Pré-requis nécessaires

Pre-requisite : Knowledge of 

mathematical analysis : ODEs, PDEs (preferably), real functions of several variables, geometry of curves and surfaces, vector analysis ;

physics : incompressible (homogeneous and stratified, non rotating) fluid mechanics, thermodynamics



Knowing GFD to understand ocean and atmosphere motions - application to other M2 courses and professional applications

this is the basic course upon which specialized ocean dynamics courses (coastal dynamics, mesoscale dynamics, general circulation, internal waves, flow instability, turbulence) will be based.

Compétences visées

This course contributes to gaining the following abilities

mastering theory to analyse complex oceanic situations to identify basic physical mechanisms, to analyse datasets or to understand the underlying equations of numerical models.

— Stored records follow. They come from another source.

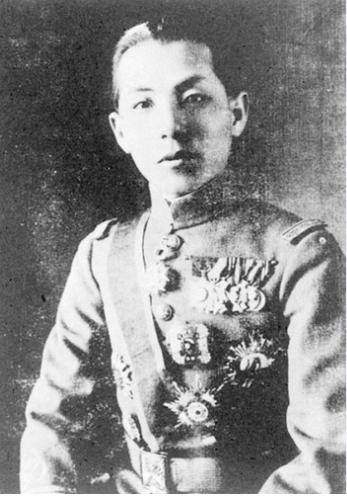 【张学良并非“纨绔子弟”】

很多人视张学良为“纨绔子弟”、“花花公子”，年纪轻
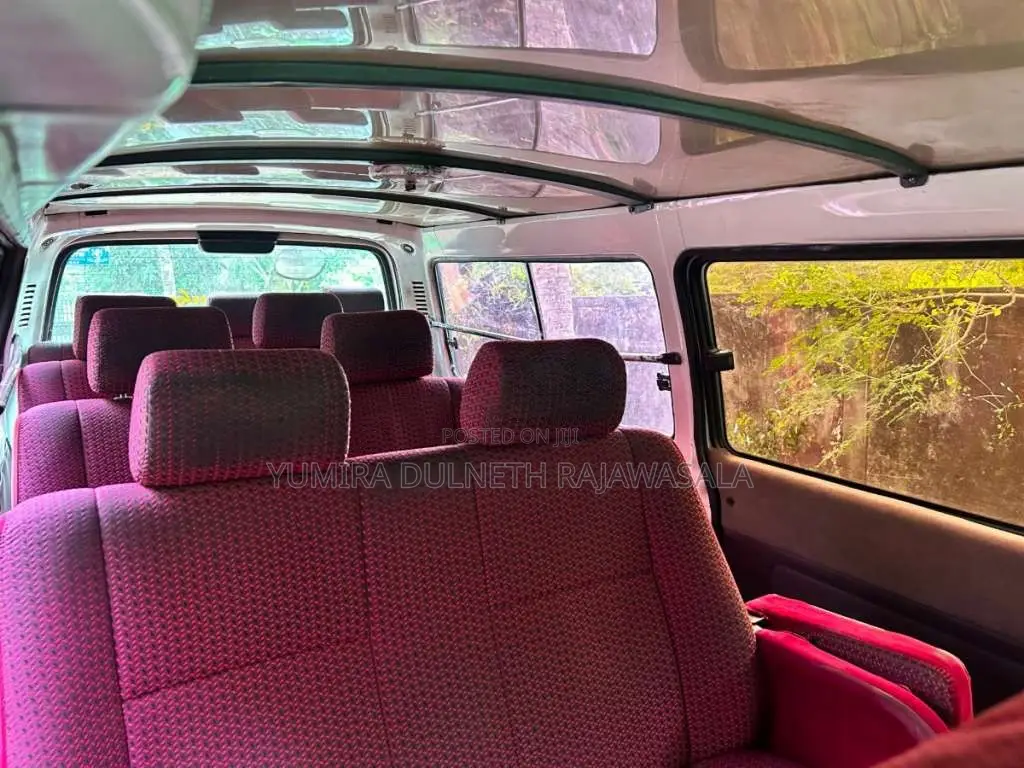 Toyota Dolphin 1990 Van (Used)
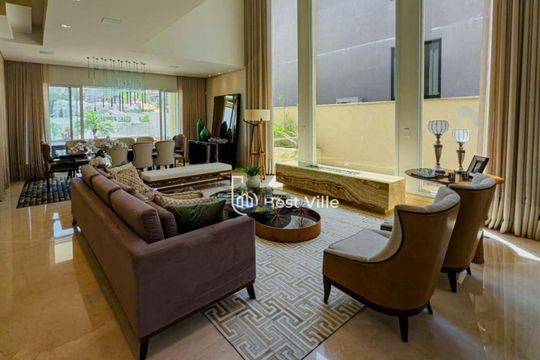 Casa à venda com 4 quartos, 565m² em Centro Comercial Jubran, Barueri
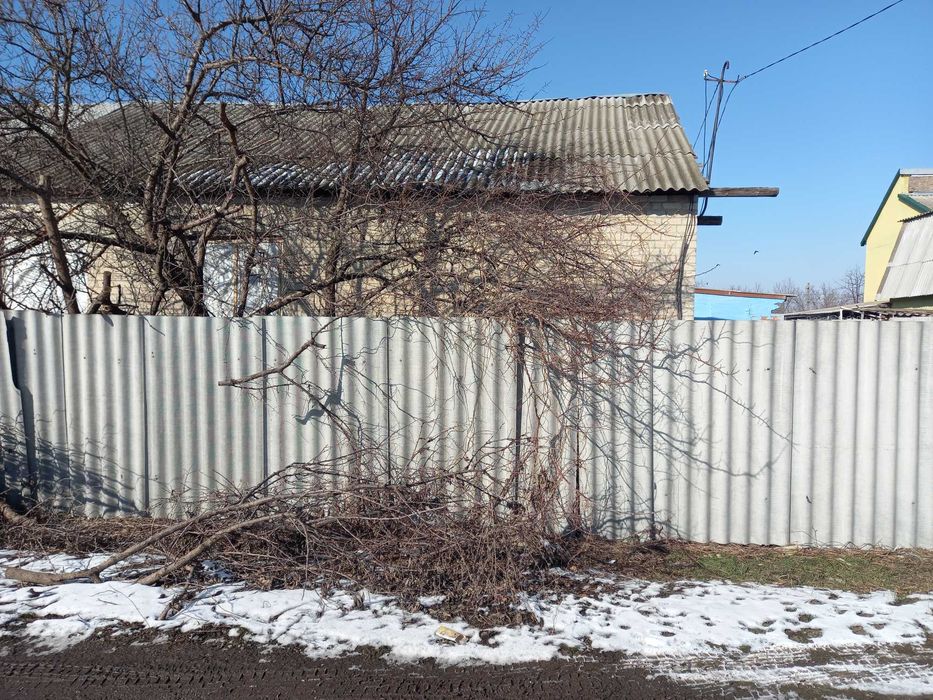 Будинок 99,4 м² та Гараж з підвалом 42,83  м² (НЕ АРЕНДА, ПРОДАЖ)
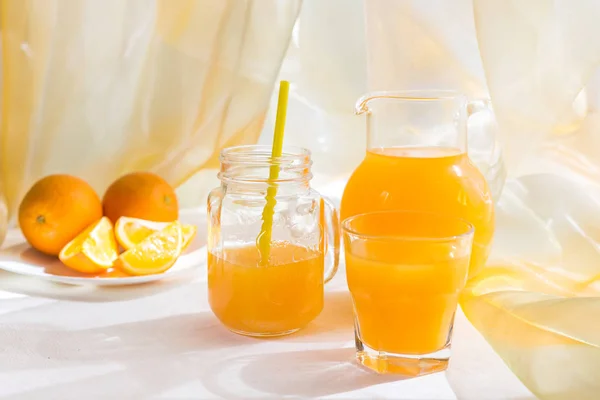 Zumo Naranja Con Una Taza Vidrio Fruta Fresca Desayuno Mesa — Foto de Stock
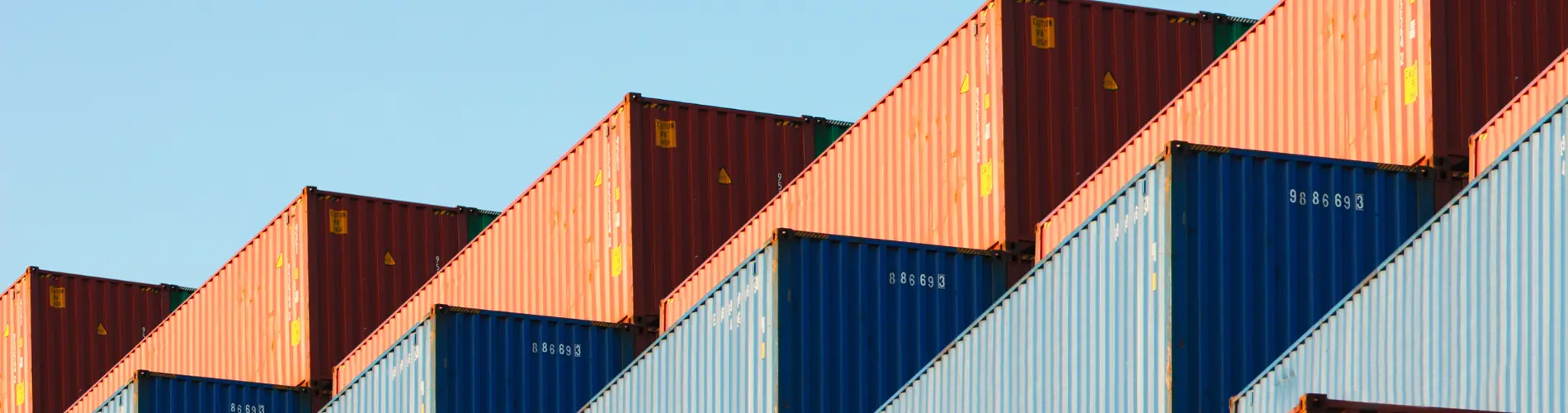 Conteneurs maritimes empilés, symbolisant le commerce et la logistique financière.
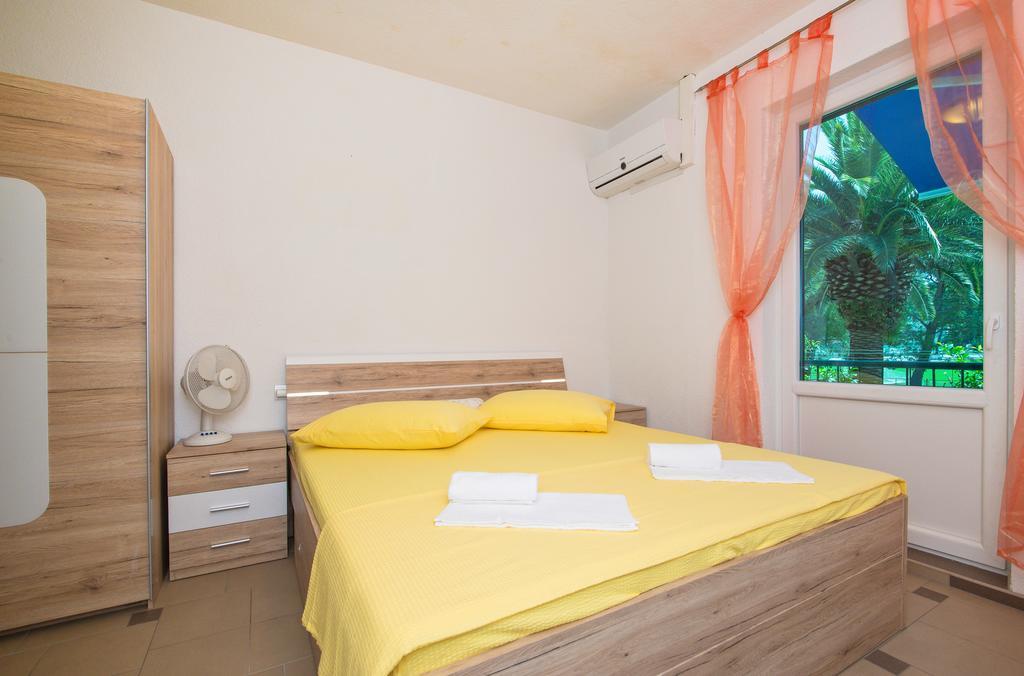Apartment Afrika Makarská Exteriér fotografie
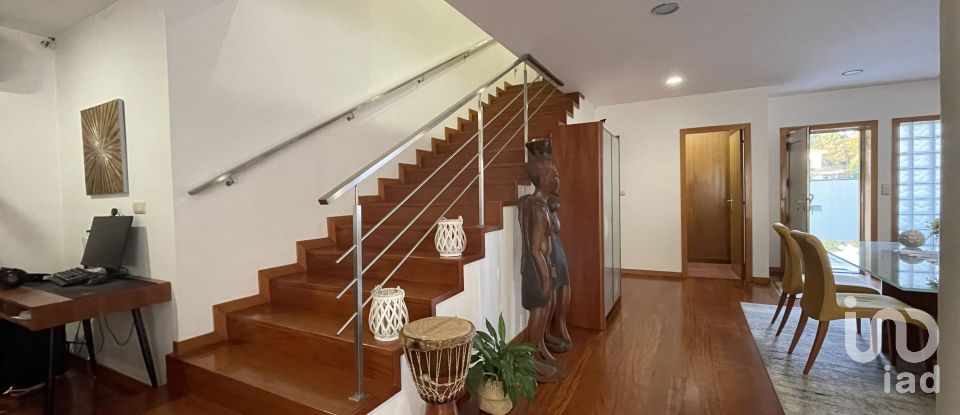 Maison T3 à Tamel (São Veríssimo) de 240 m²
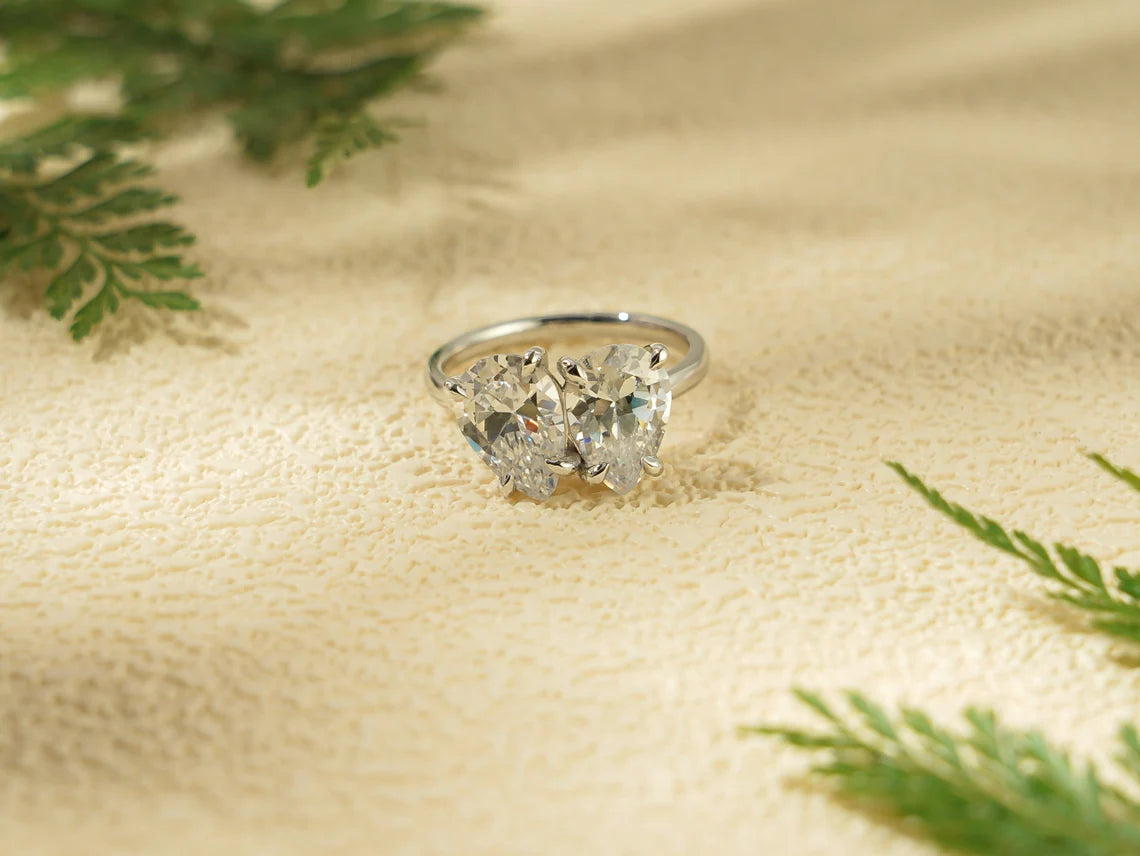 Pear cut engagement ring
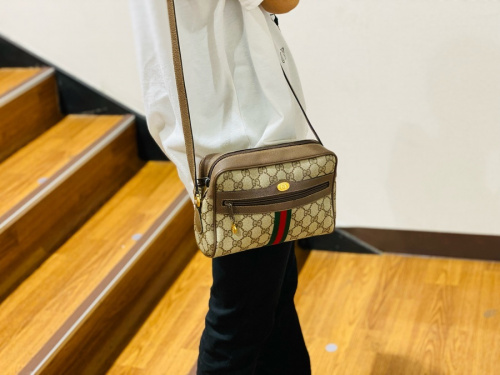シェリーラインのGUCCI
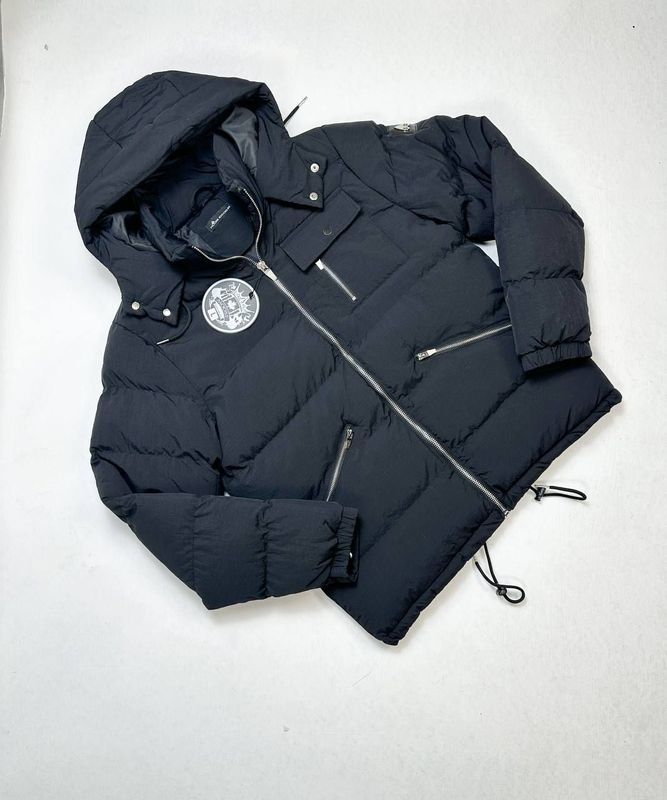 Moose Knuckles Puffer Jackets For Men's in 2 Colors Moose Knuckles Puffer Jackets For Men's in 2 Colors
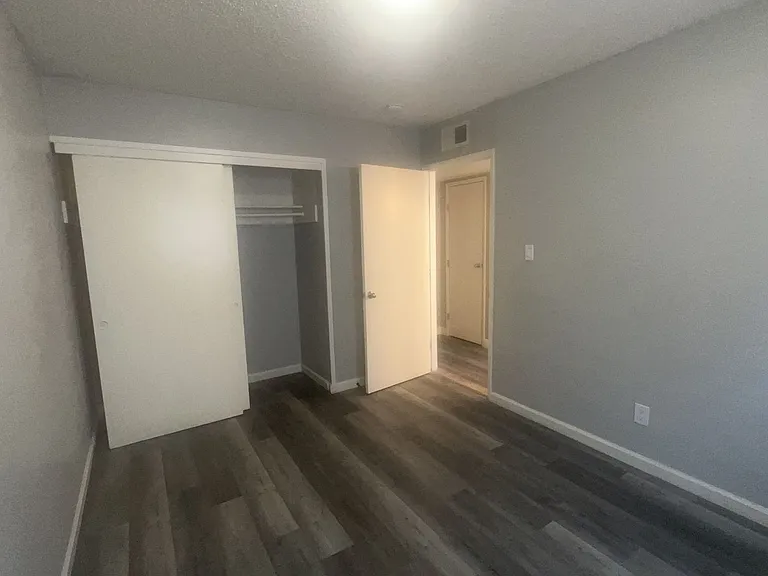 3158 College Ave — Photo 7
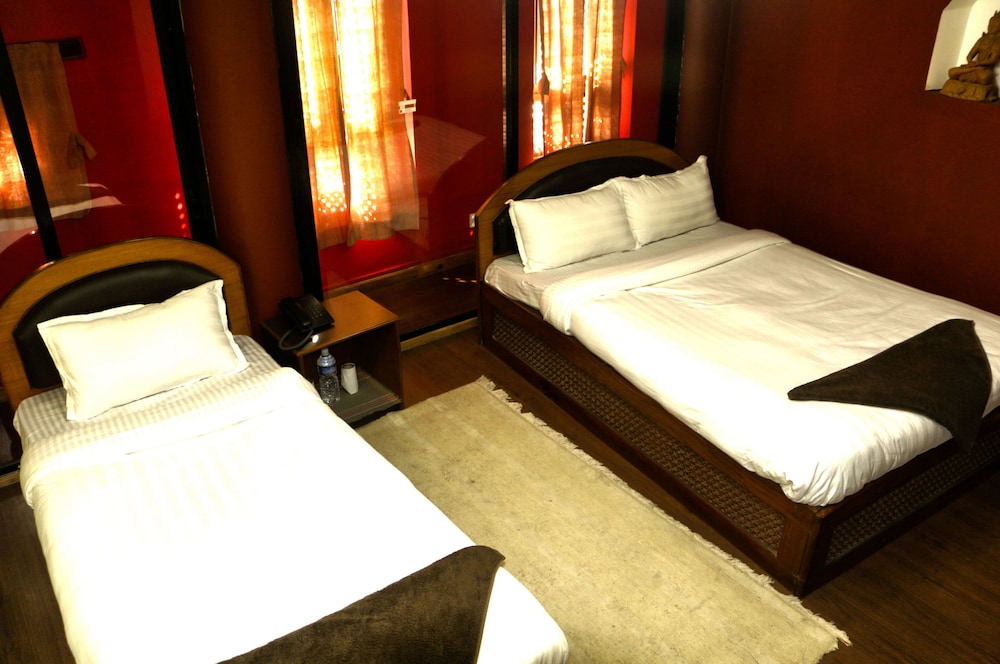 Siddhi Home & Restaurant 15/45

ability to identify scientific questions

ability to use these results for scientific projects

ability to validate numerical results with theoretical results

use for problem solving in fluids

contributes to a global approach (holistic approach) to problem solving

use for building numerical algorithms for professional purposes



Introduction/ to the ocean and atmosphere system

Establishing the Boussinesq equations for momentum, energy and vorticity ; application to convection and to internal waves

Primitive (hydrostatic 3D) equations; scaling; geostrophic and hydrostatic balance; thermal wind balance

Quasi-geostrophic motion in a continuously stratified rotating fluid; energy and potential vorticity; vertical modes; Rossby waves

Shallow water model; TPP theorem; momentum equations, potential vorticity, divergence equations, energy equation.

Shallow water linear waves : Pure gravity waves, inertial motion, Poincare/inertia-gravity waves, Kelvin waves, Rossby waves (planetary and topographic), coastal waves

Frictional motions / Ekman equations (wind stress forcing, bottom friction)

introduction to the wind forced general circulation of the ocean

Vortex motions

Upwelling dynamics



G Vallis, Atmospheric and Oceanic Fluid Dynamics, Cambridge University Press

J Pedlosky, Geophysical Fluid Dynamics, Springer Verlag